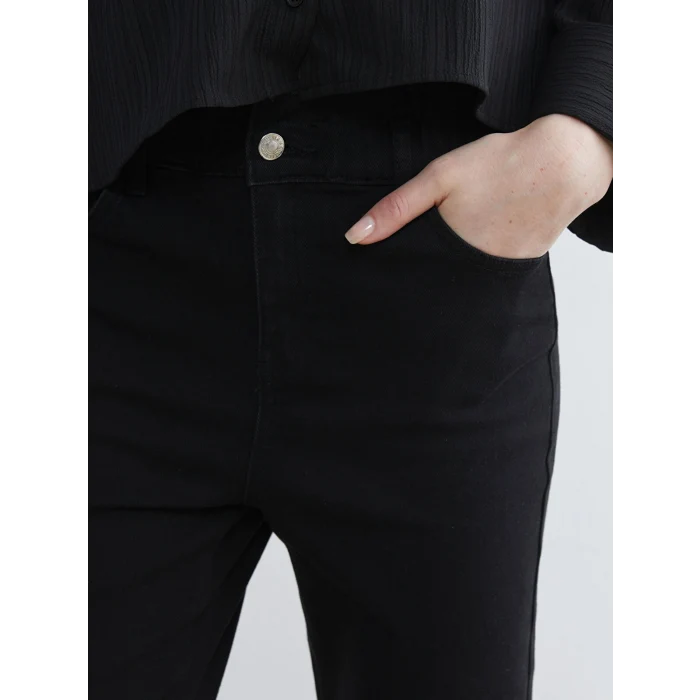 LCWAIKIKI Classic Siyah Slim Mom Kadın Jean Pantolon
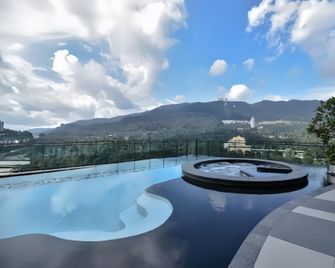 Vista Residences Genting Highlands - Genting Highlands - Piscina
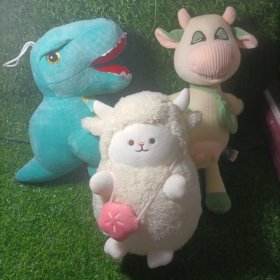 绿色小恐龙、背书包的小牛、背粉包的小白羊毛绒玩具娃娃、 男孩、女孩布娃娃、 布玩偶 小孩玩具（3个合售）单要那个可与客服沟通 15元一个包邮
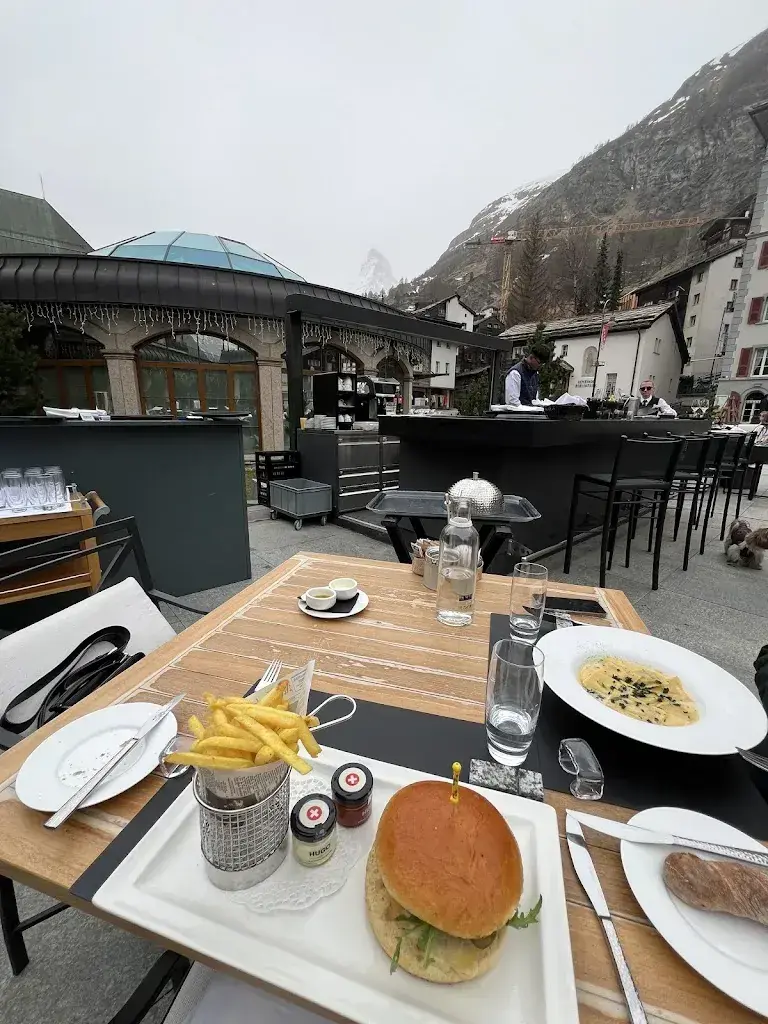 Hugo Williams_Lusi Brasserie & Lounge_Zermatt_avis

Work order — Repeat the data exactly, without the pictures.

Exercise answer —
 LCWAIKIKI Classic Siyah Slim Mom Kadın Jean Pantolon
 Vista Residences Genting Highlands - Genting Highlands - Piscina
 绿色小恐龙、背书包的小牛、背粉包的小白羊毛绒玩具娃娃、 男孩、女孩布娃娃、 布玩偶 小孩玩具（3个合售）单要那个可与客服沟通 15元一个包邮
 Hugo Williams_Lusi Brasserie & Lounge_Zermatt_avis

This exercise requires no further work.